The organism cannot properly be compared to a keyboard on which the external stimuli would play and in which their proper form would be delineated for the simple reason that the organism contributes to the constitution of that form … ‘The properties of the object and the intentions of the subject … are not only intermingled; they also constitute a new whole.’ When the eye and the ear follow an animal in flight, it is impossible to say ‘which started first’ in the exchange of stimuli and responses. (Merleau-Ponty 1963: 13, cited by Varela, Thompson and Rosch 1999: 173-174)

Thus, in enactive cognition the perceiving mind would create and constitute an enactment of the surrounding world — ‘the organism both initiates and is shaped by the environment’ (174).

While this view of embodied enactive cognition is indeed promising for the study of creative writing and the making (in this essay) of poetry, other cognitive research does caution for a nuanced approach to enactive cognition: agreeing overall with ‘4E approaches’ (extended, embodied, embedded/distributed, and enactive cognition), Kim Sterelny (2017) also argues that the fourth ‘E’, enactive cognition, by rejecting ‘that the mind is a representation-forming, information-processing system’, does not take sufficient account of the need for practice and skills:

the emphasis on practice, know-how, and plasticity; the importance of external scaffolds; the importance of information pooling and the division of cognitive labor, all explain how we are able to assemble information, organize it in tractable user-friendly ways, and exploit it. (n.p.)

Sterelny’s caution actually serves to draw our attention back to the ways in which enactive cognition might produce the creative artefact through the strengths of its perceptual, embodied (sensorimotor and affective) functions and actions.

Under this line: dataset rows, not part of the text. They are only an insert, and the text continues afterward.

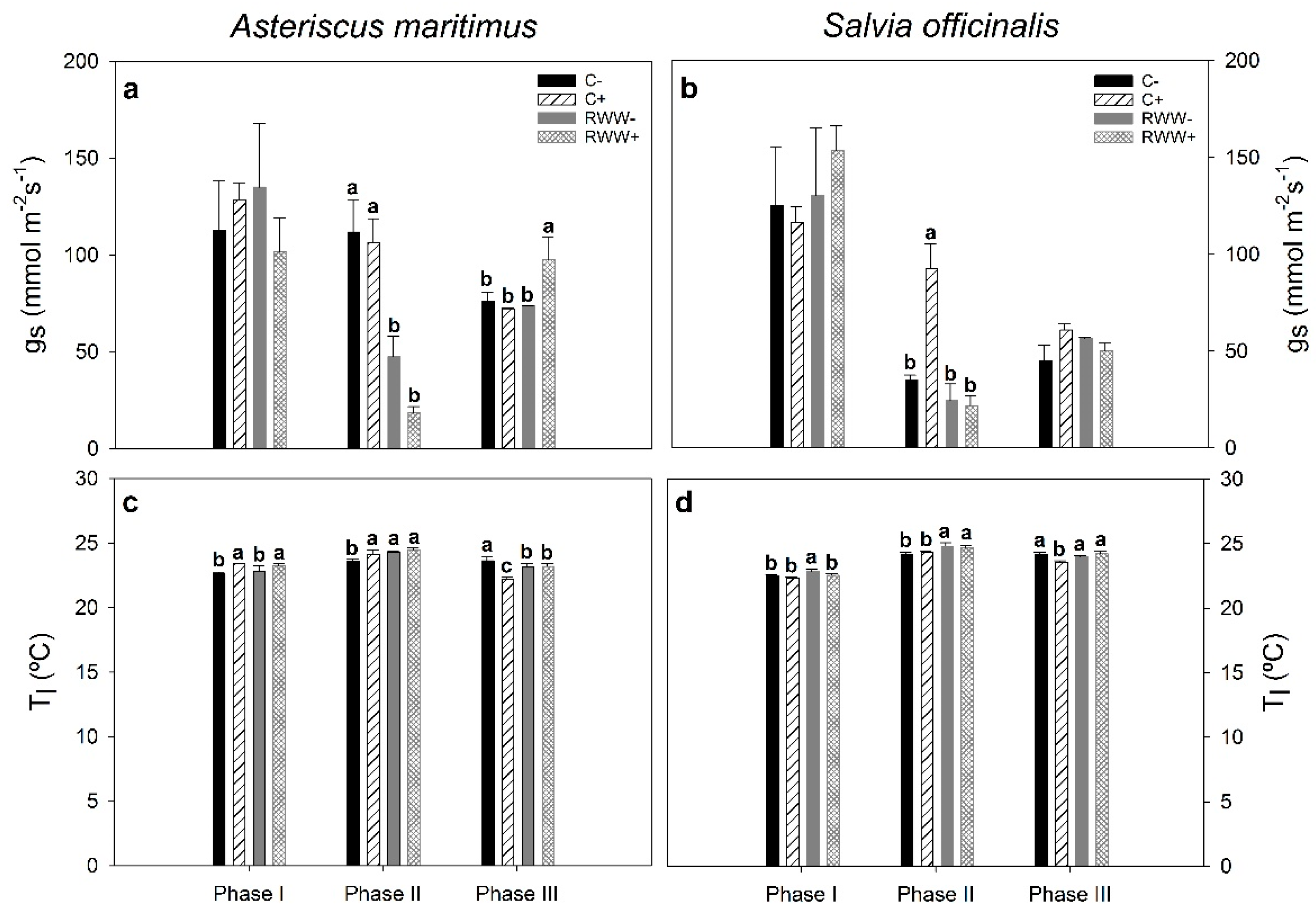 Horticulturae 08 00159 g004 Horticulturae 08 00159 g004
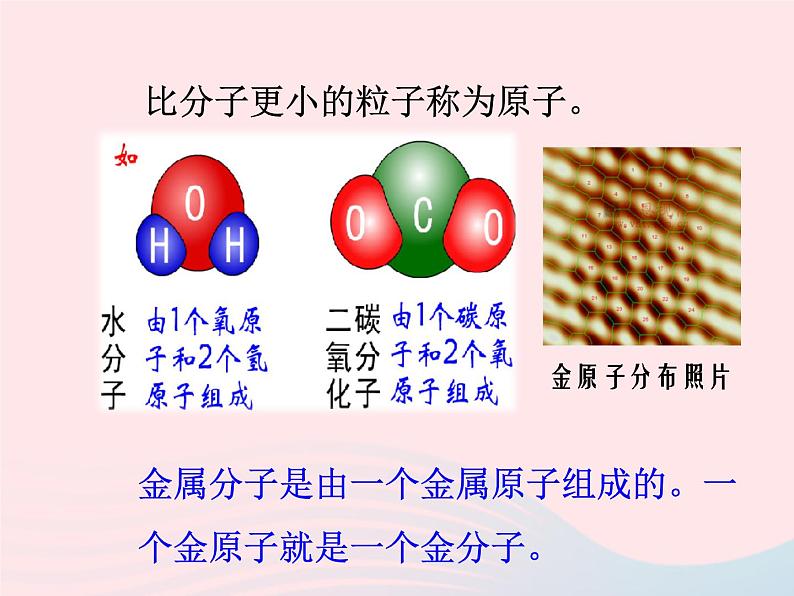 八年级物理下册10-3解剖原子课件3（新版）粤教沪版03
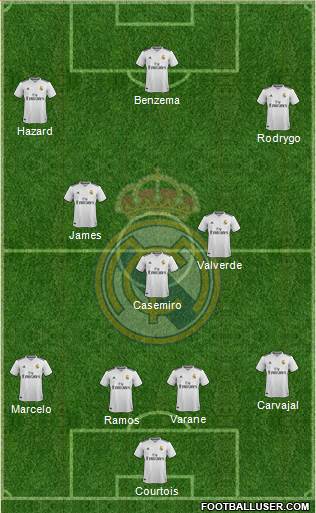 Real Madrid C.F. Formation 2019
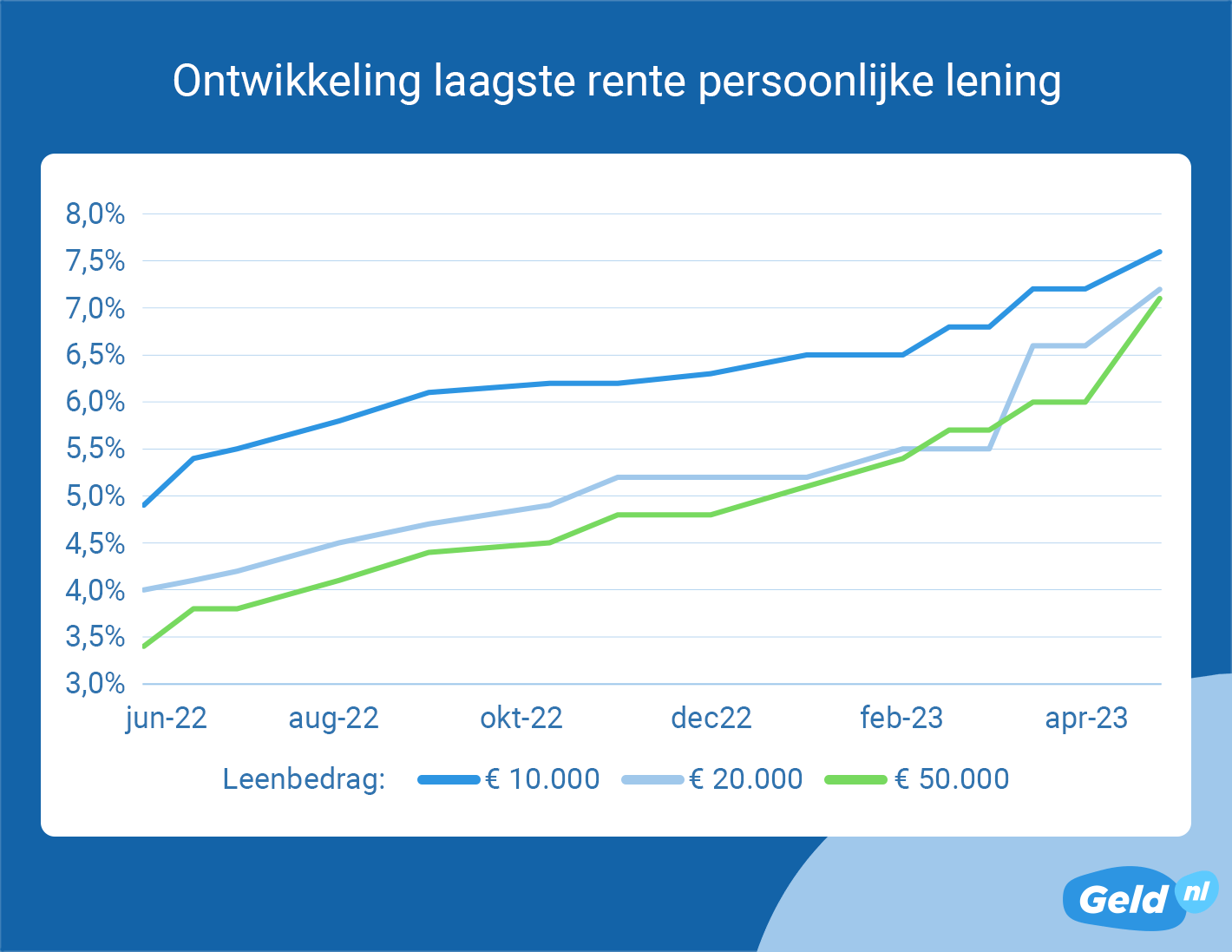 Ontwikkeling laagste leenrente - april 2023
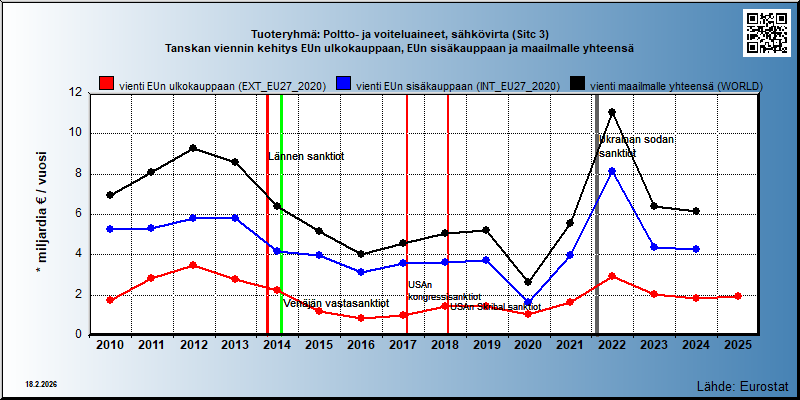 Tuoteryhmä: Poltto- ja voiteluaineet, sähkövirta (Sitc 3) Tanskan viennin kehitys EUn ulkokauppaan, EUn sisäkauppaan ja maailmalle yhteensä 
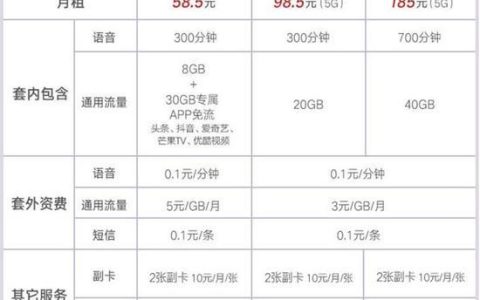 长沙联通最便宜的套餐推荐，月租仅38元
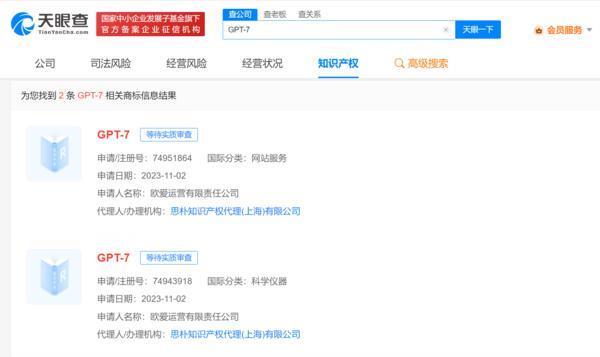 OpenAI在中国申请GPT6、GPT7商标 AI产业发展迅速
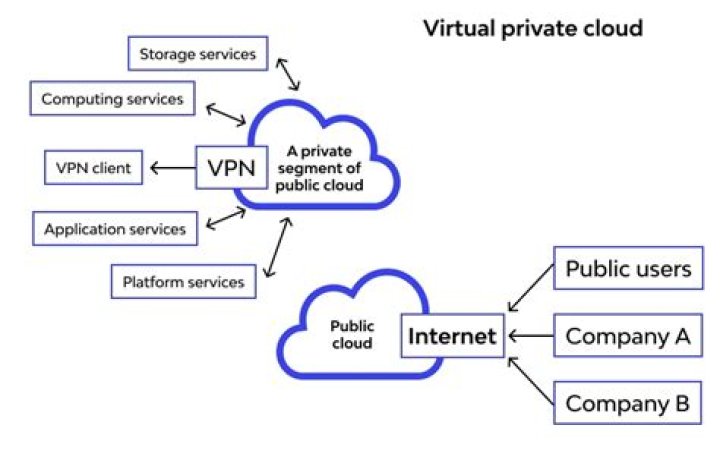 Raspberry Pi VPC Network Tutorial: Your Ultimate Guide to Setting Up a Virtual Private Cloud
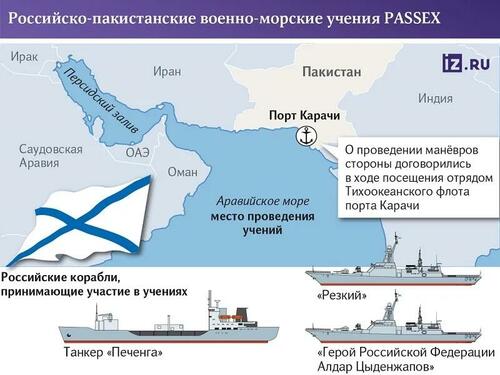the-real-importance-of-the-latest-russian-pakistani-naval-drills the-real-importance-of-the-latest-russian-pakistani-naval-drills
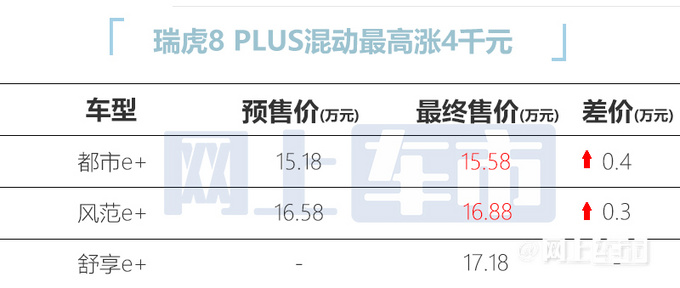 奇瑞瑞虎8 PLUS新款涨价15.58万起VS宋PLUS-图3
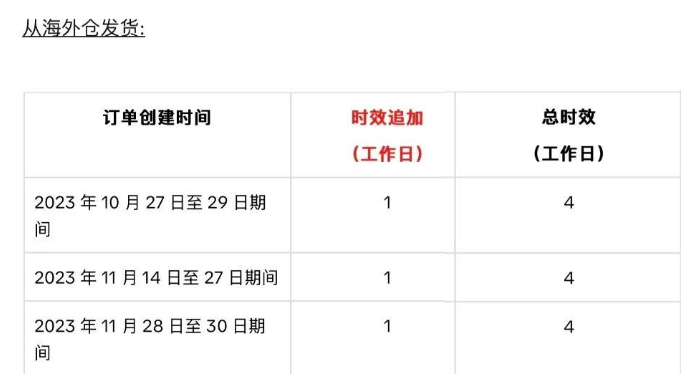 TikTok延长黑五订单履约时效2.png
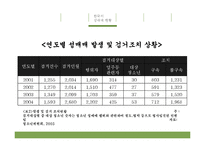 성매매 합법화 국가의 현황과 찬반 논란-13
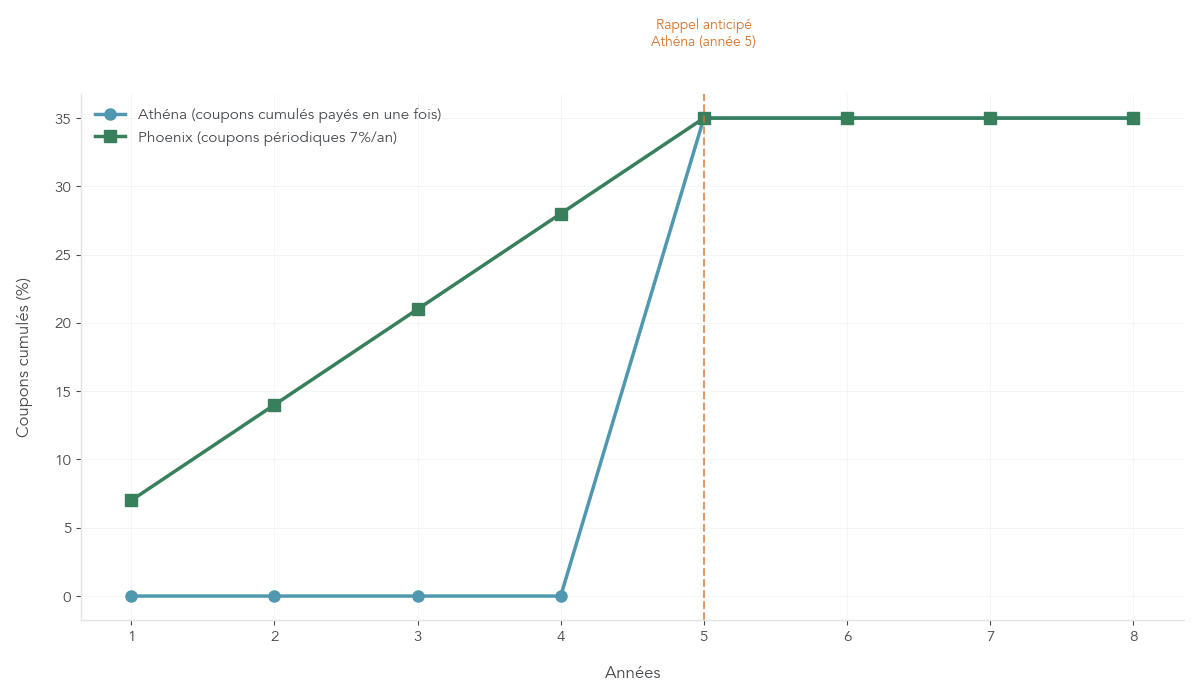 Graphique comparant les flux de coupons cumulés d’un produit Athéna, avec gain différé, et d’un produit Phoenix, avec coupons périodiques conditionnels.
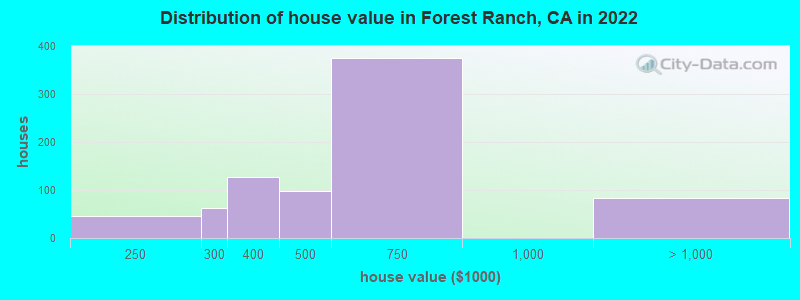 Distribution of house value in Forest Ranch, CA in 2022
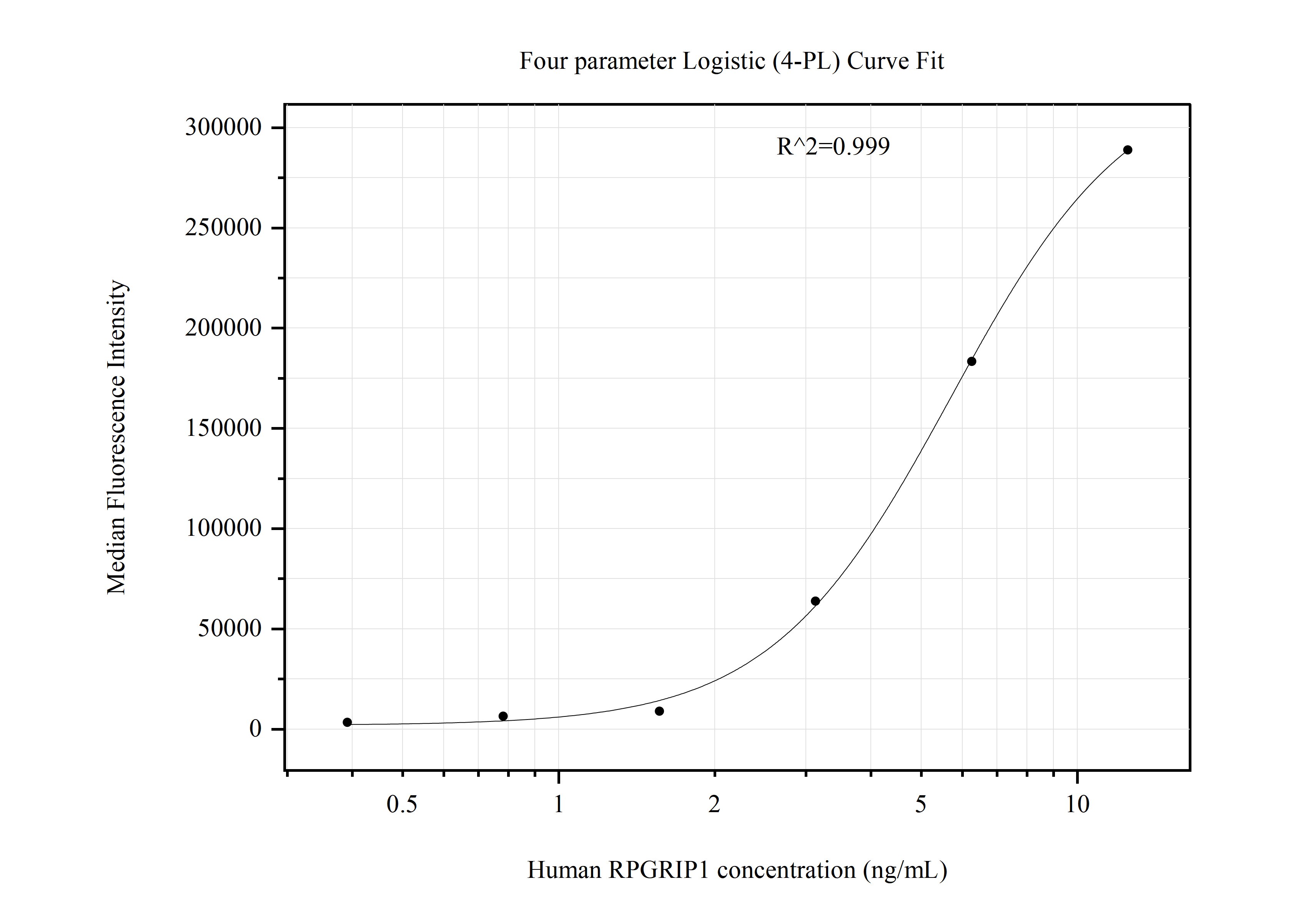 Cytometric bead array standard curve of MP51024-1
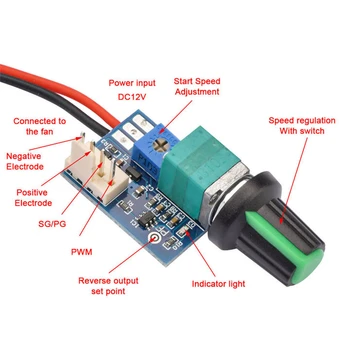 DC 12 V PWM-Geschwindigkeitsregler, Lüftergeschwindigkeitsregler, 4-Draht-Computer-Temperaturregler, Schalter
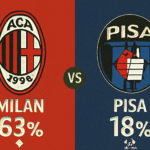 Pronóstico Milan vs Pisa - Serie A (24/10/2025)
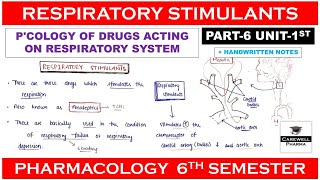 Respiratory stimulants Analeptics  P 6 Unit 1  Pharmacology 6th Semester [upl. by Onek571]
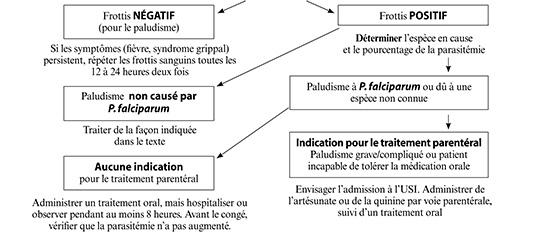 Figure 1 : Algorithme pour la prise en charge du paludisme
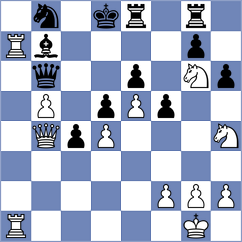 Aung Thant Zin - Kopczynski (chess.com INT, 2024)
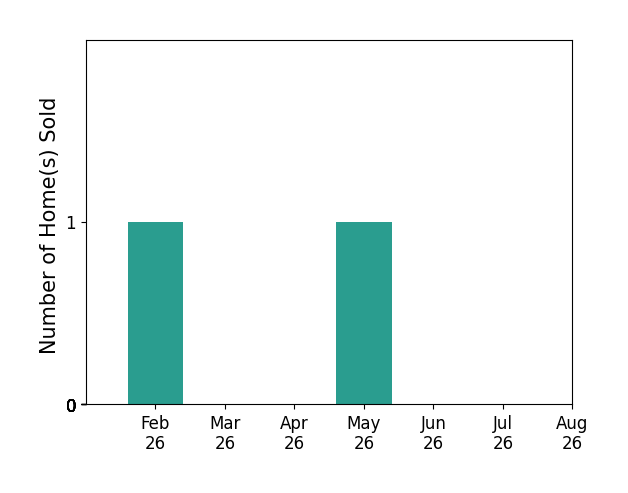 Bar chart of total home sales by Eric Hoien over the past 12 months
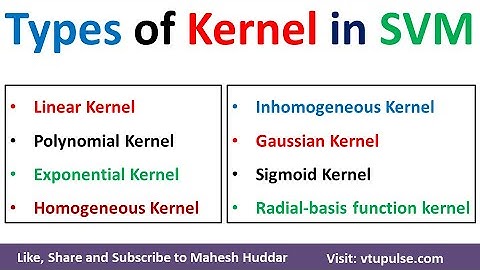 Types of Kernel in SVM | Kernels in Support vector machine in Machne Learning by Mahesh Huddar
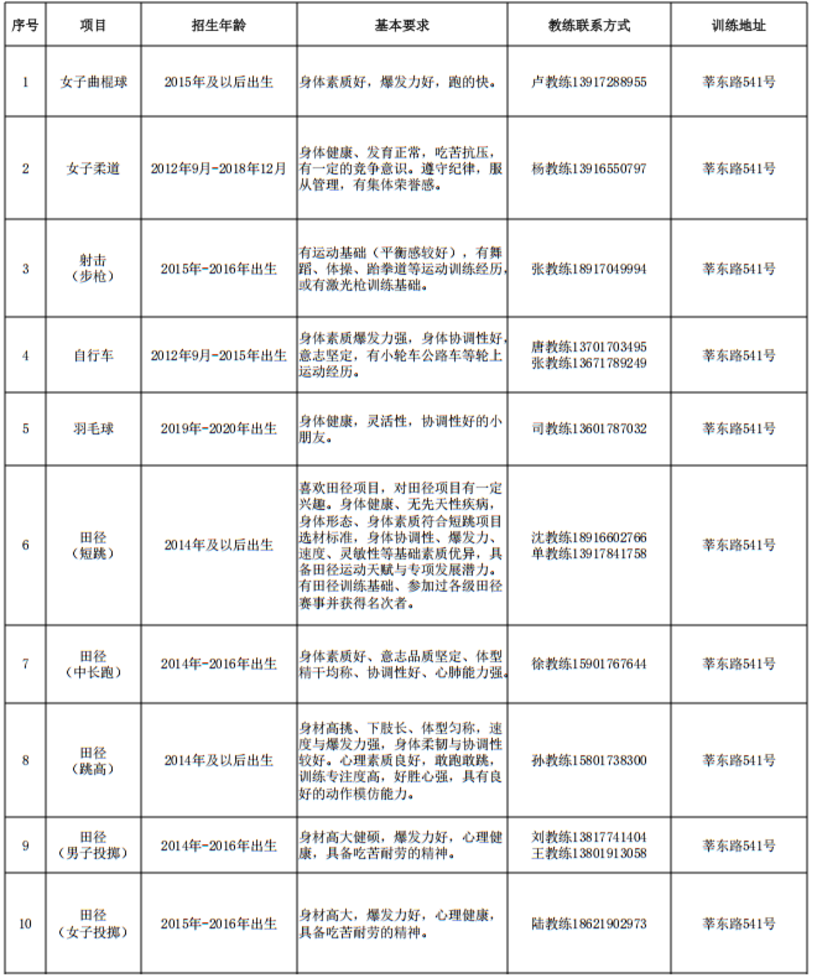 2026年闵行区少体校招生啦！相关资料 22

The inclusion of practice and skills allows us to think about the practice of creative writing in this context of cognition in relation to the body and the world, especially when it comes to writing. But I also think Sterelny is right in his criticism of the view that rejects the potential of the mind as a representation-forming system, which is especially salient for making a case for the poetic power of the imagination in an ekphrasis process. The problem of rejecting the mind’s representation-forming capacity (which I am tying to the capacity to imagine) has been noted by other researchers of memory and cognition, in particular, in the ways that memory functions. Examining the interdisciplinary framework of theories of situated cognition in his essay ‘Remembering’ (2009), John Sutton notes a particular challenge:

The challenge arises from the fact that memory often takes us out of the current situation: in remembering episodes or experiences in my personal past, for example, I am mentally transported away from the social and physical setting in which I am currently embedded. Our ability to make psychological contact with events and experiences in the past was one motivation, in classical cognitive science and cognitive psychology, for postulating inner mental representations to hold information across the temporal gap. Theorists of situated cognition thus have to show how such an apparently representation-hungry and decoupled high-level cognitive process may nonetheless be fruitfully understood as embodied, contextualised, and distributed. (217)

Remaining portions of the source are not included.